Morning Me says “I have a plan and I’m going to stick to it!”
Evening Me says “Screw it, let’s eat cookies.”
Morning Me says “Let’s exercise and practice good habits!”
Evening Me says “Kid, you have no idea how the world works. It’s been a day. Cookies.”
Evening Me is not a bad guy, but Morning Me writes this blog, and is a little tired of waking up every morning and dealing with his shit.
I’m not sure what keeps Morning Me and Evening Me from communicating effectively; I think it’s Mid-Afternoon Oh God I’m Tired Me that is the… anti-bridge? Chasm? between the two. Mid-Afternoon Oh God I’m Tired Me is the 2-3 p.m. existential crisis that befalls me in a workday. Upon reflection, I believe it is the Jekyll/Hyde moment that heralds the transformation from Morning Me to Evening Me.
Morning Me vs. Evening Me is an afternoon battle
Upon reflection, I think that’s where the battle might be fought. I often think that siesta cultures sound… good. The idea of recharging in the mid-day so you can not be tired in the late afternoon and evening is a delightful concept.
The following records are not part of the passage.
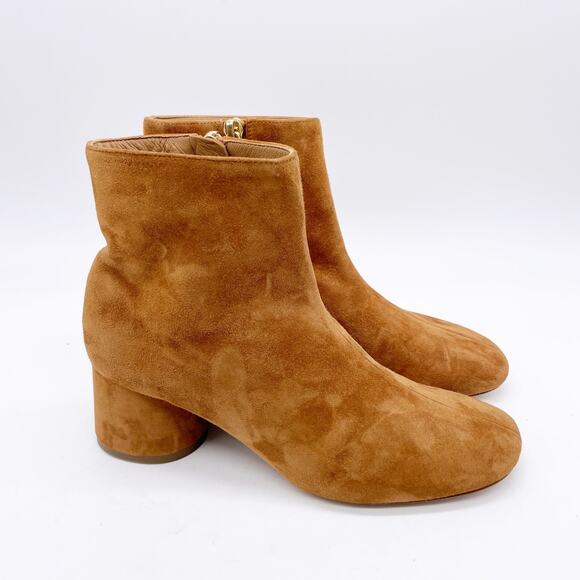 Mansur Gavriel Daydream Stretch Block Heel Chelsea Booties Brown Suede Size 35 - Picture 2 of 7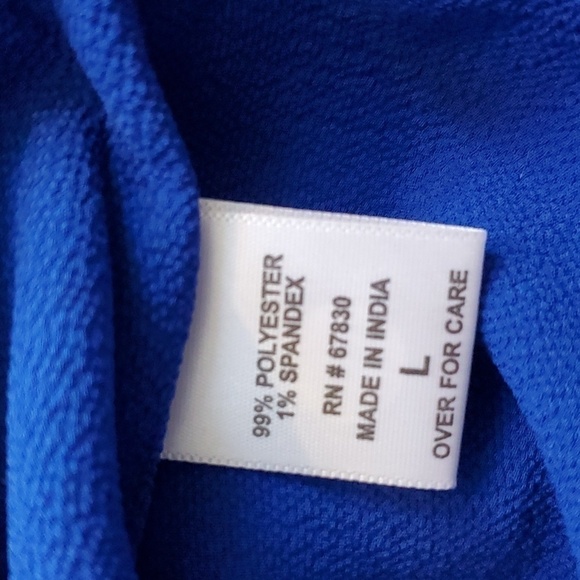 Cathy- Womens Royal blue Top Gold zipper front Pockets Roll tab sleeves Sz.XL - Picture 5 of 5
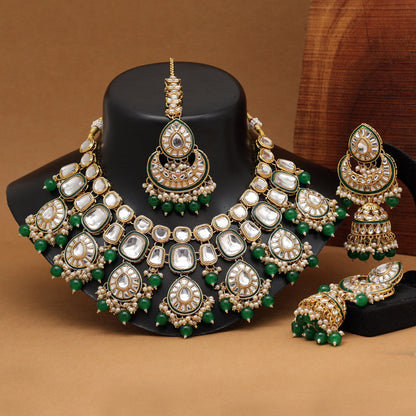 Green Color Kundan Necklace Set (KN1377GRN) - preyans.com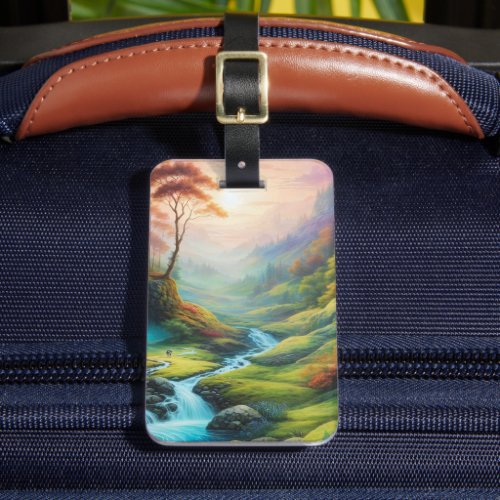 Magical Glowing Forest Nature Landscape  Luggage Tag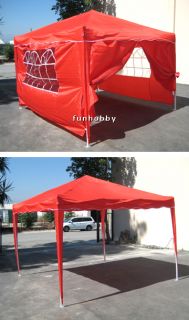 New 10 x 10 Red Canopy Gazebo EZ Pop Up Tent w 4 Walls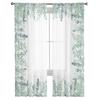 Aquarell-Eukalyptus-Blätter, abstrakte Fenstervorhänge, transparenter Chiffon-Tüll-Vorhang für Zuhause, Wohnzimmer, Hintergrunddekoration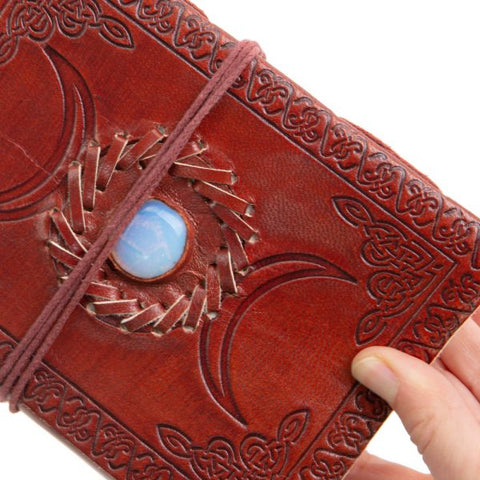 Handmade Leather Notebook with Opalite (17.5 x 13 cm)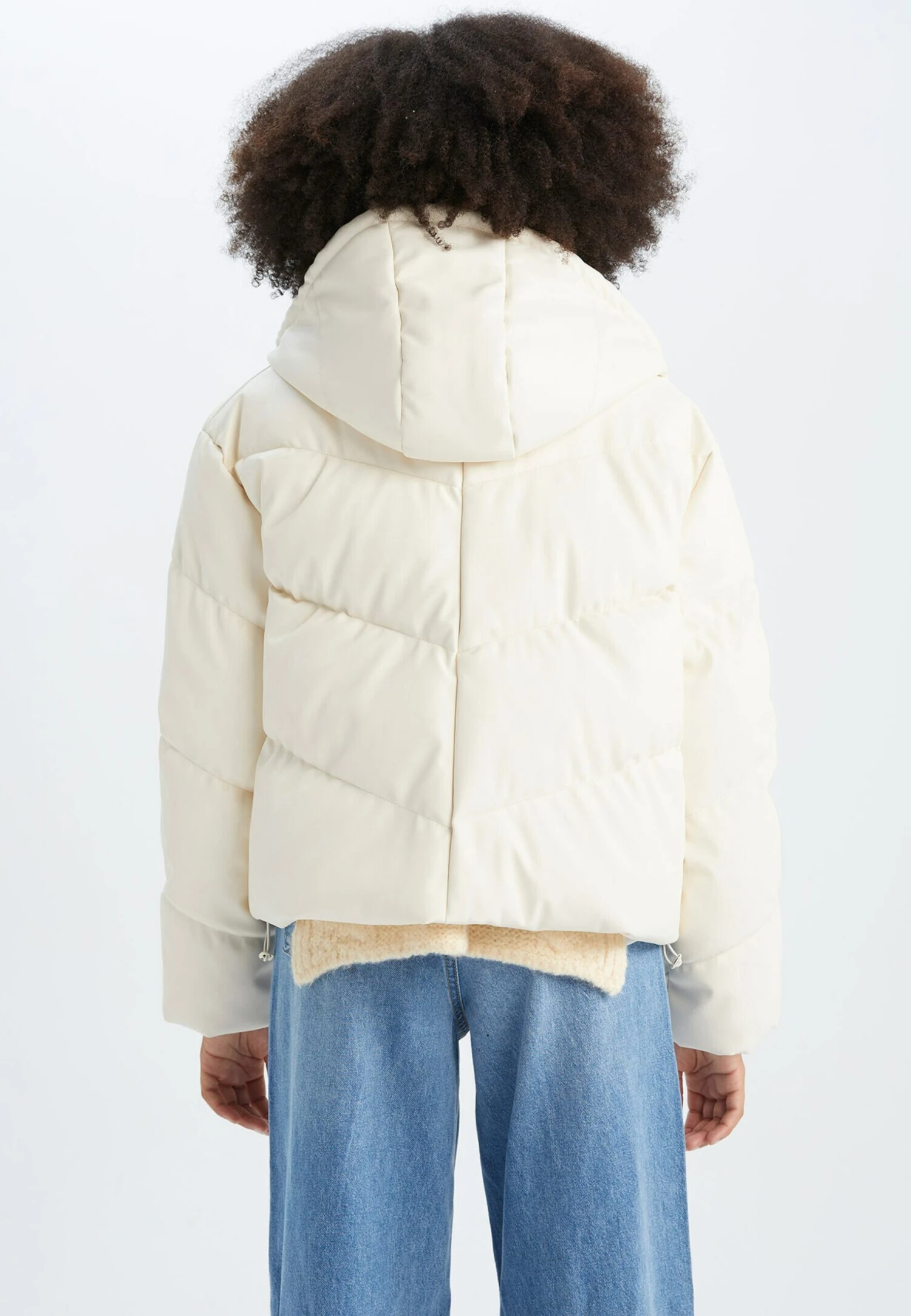 DeFacto Relax Fit- Imitatieleren Jas - Ecru 5 DeFacto Relax Fit- Imitatieleren Jas - Ecru - Afbeelding 3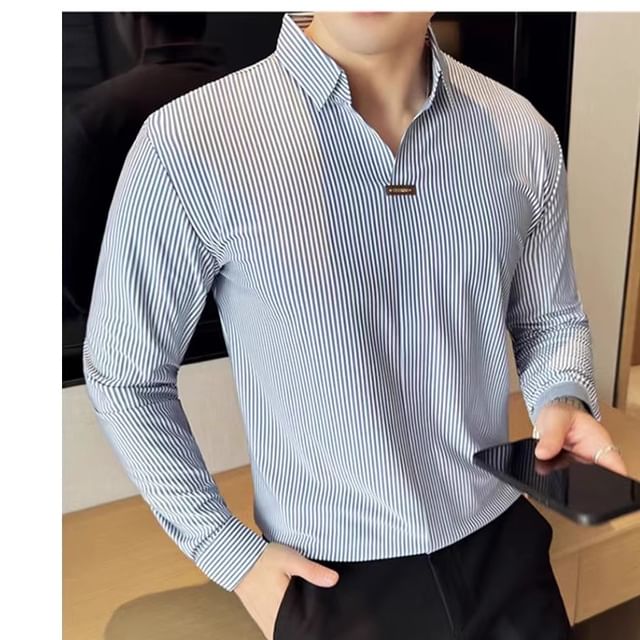 Naideth-Long Sleeve Collared Open Placket Striped Shirt
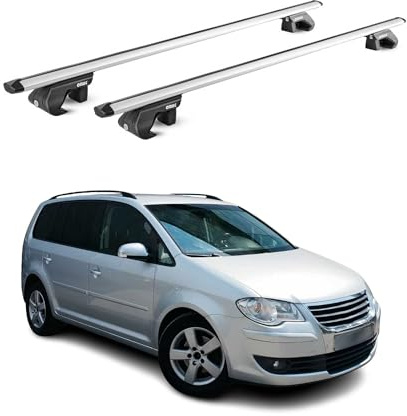 OMAC Dachträger für VW Touran mk1 mk2 2003-2026 Aluminium Silber | TÜV geprüft, bis 90 kg Traglast, T-Nut-Befestigung, für Standard-Dachreling geeignet, Querträger, Grundträger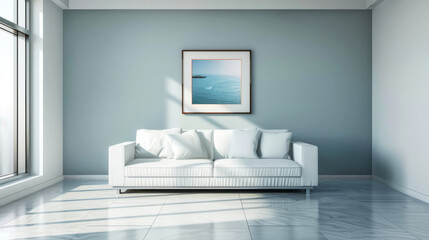 Minimalist living room with a modern white sofa and two blank frames, embodying contemporary interior design and simplicity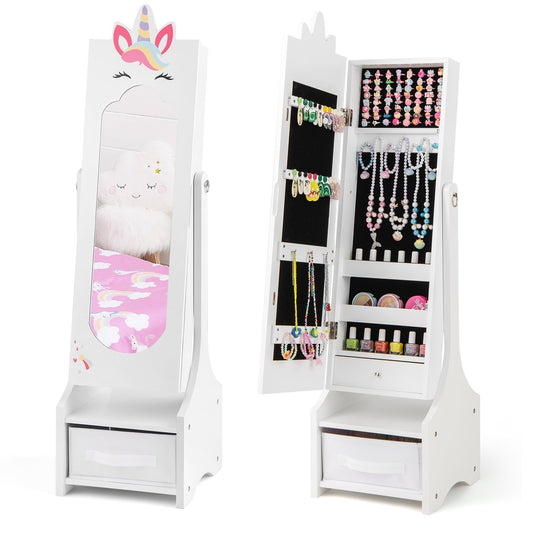 Kids Jewelry Cabinet with Full-Length Mirror for Kids Bedroom and Playroom, White Kids Vanities White  at Gallery Canada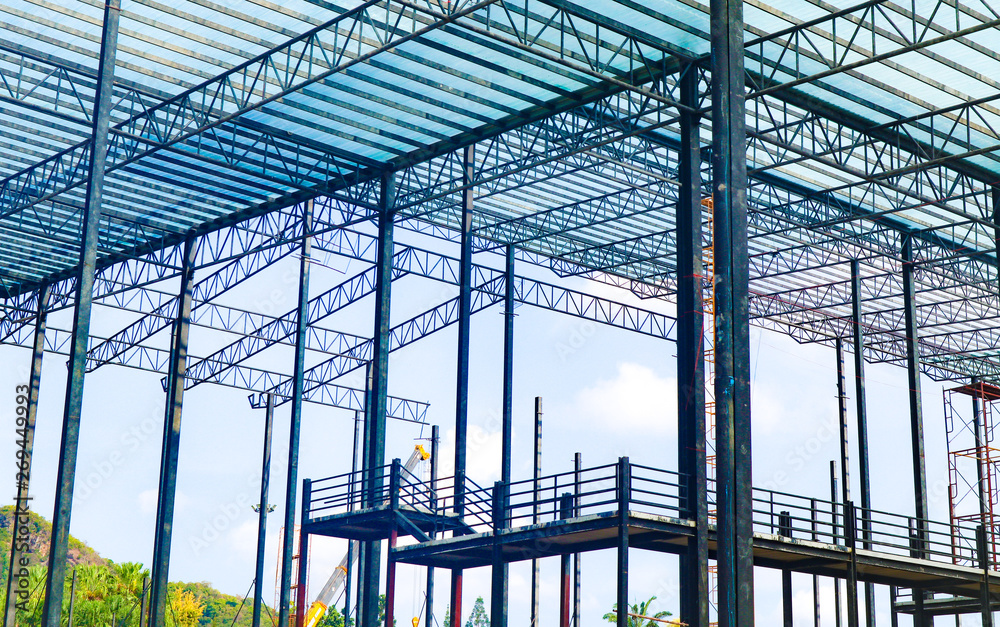Metal steels and aluminium frame structure for factory and warehouse construction industry Metal steels and aluminium frame structure for factory and warehouse construction industry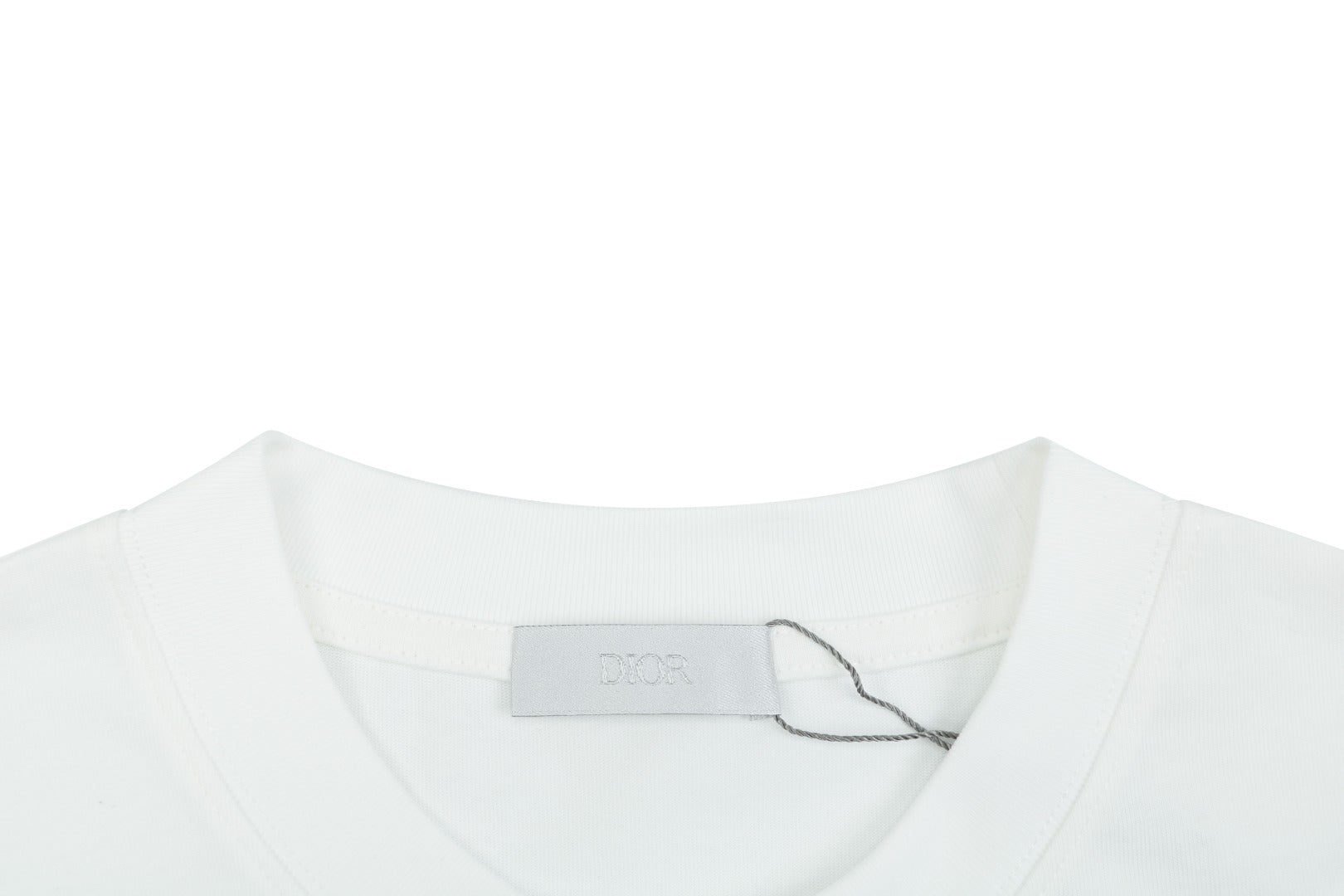Dior Oversized Bee Signature Script Embroidered Short Sleeve Tee — White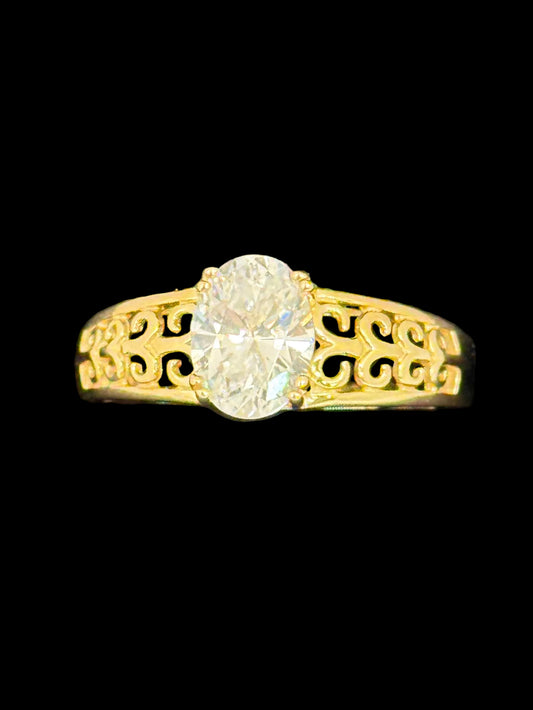 Oval Solitaire Cubic Zirconia Ring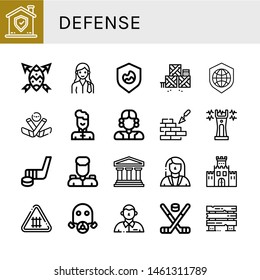 Set of defense icons such as Shield, Lawyer, Defense, Ice hockey, Wushu, Judge, Brickwall, Stun gun, Hockey stick, Military, Legal, Fortification, Fence, Gas mask, Defendant , defense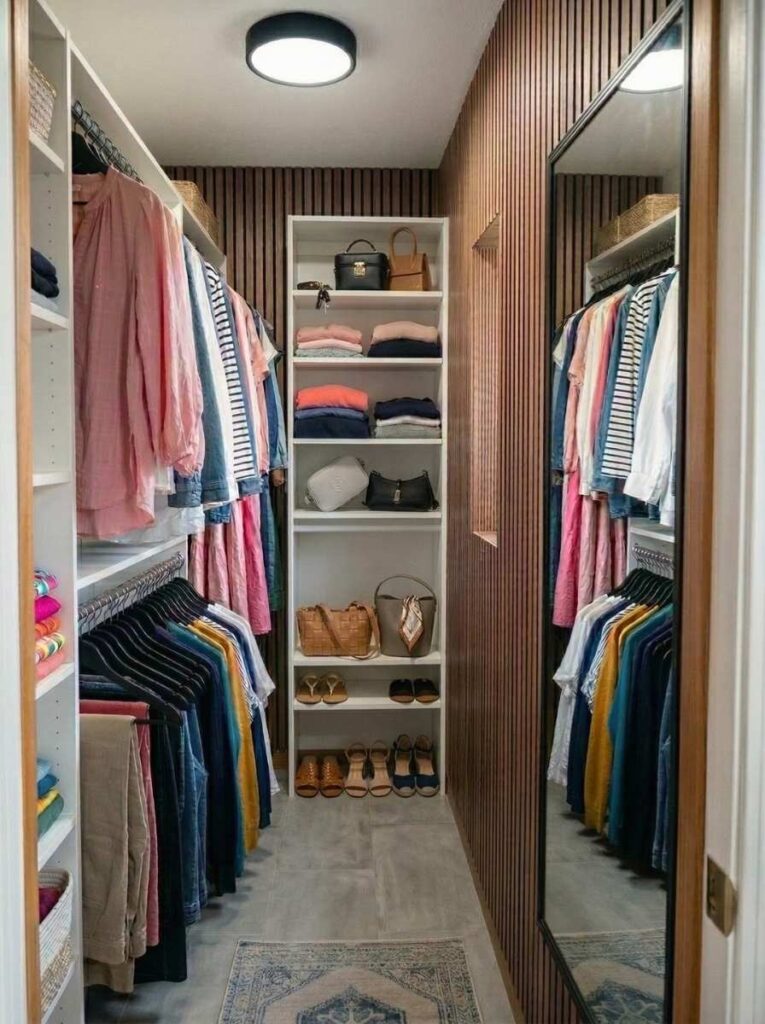 mirror in small walk-in closet to expand space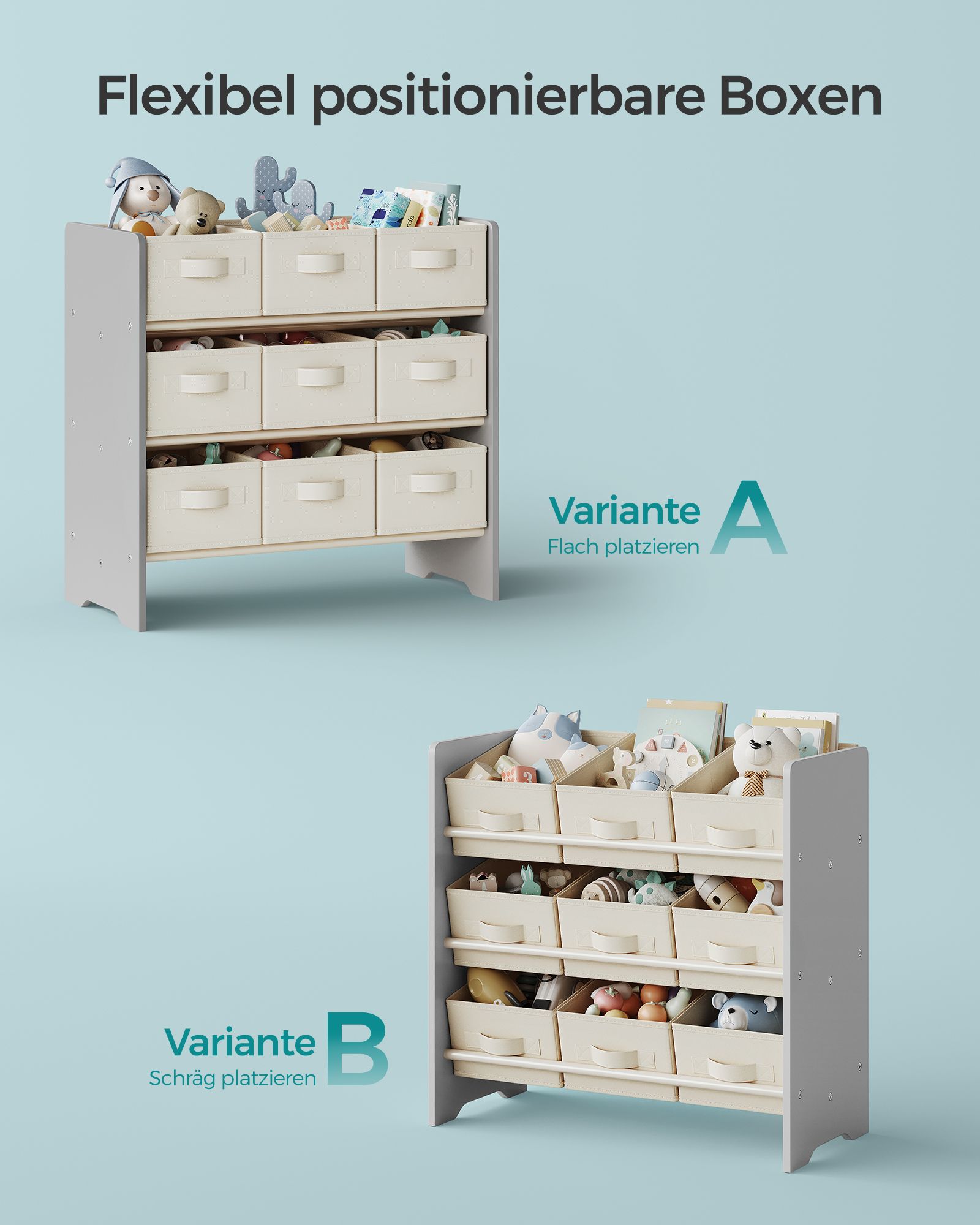 Vaikiška lentyna su 9 laikymo dėžutėmis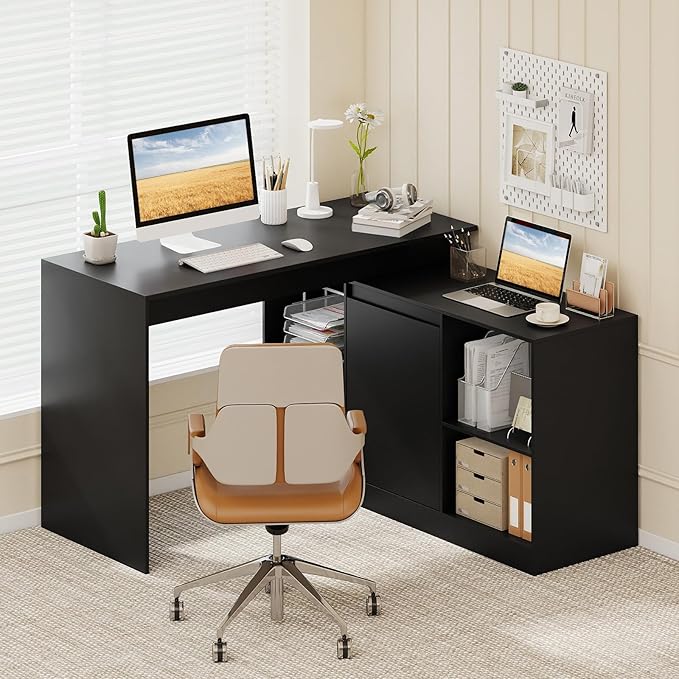 Tangkula L-Shaped Computer Desk 48 Reversible Corner Writing Desk with 2-Way Cabinet &amp 4 Storage Compartments Modern Executive Desk Laptop Workstation for Home Office (Black)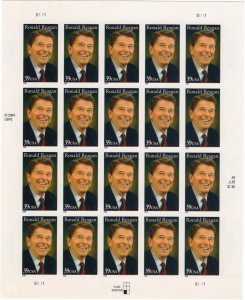 Scottt #4078 Ronald Reagan (California Governor) Sheet of 20 39c Stamps - MNH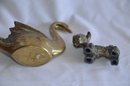 (#13) Brass Planter Swan And Trinket Metal Scottie Dog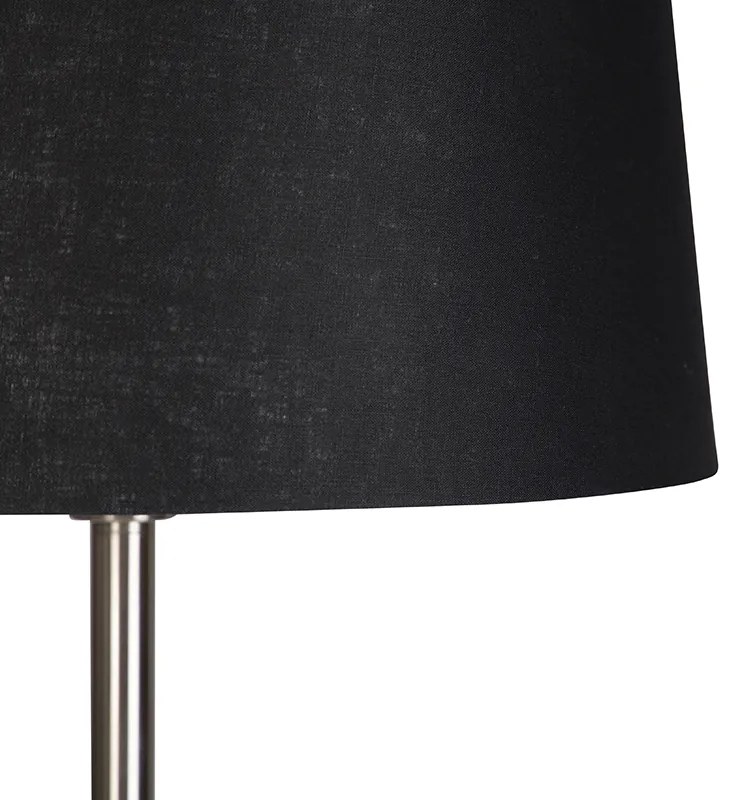 Nowoczesna lampa podłogowa stalowa z czarnym kloszem 45 cm - Simplo Nowoczesny Oswietlenie wewnetrzne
But then again, it’s not like the siesta countries are the happiest and most world-beating nations around, so it doesn’t look like siestas make things better or worse on a broad scale.
It’s an interesting thought, though: that it’s not a Morning Me versus Evening Me issue, but an afternoon problem that manifests later in the day. I’ll have to noodle that around a little and see what comes of it.
In the interim, I need to keep telling Evening Me about favours for your future self. I think that might be language that tired, kind of myopic dude understands.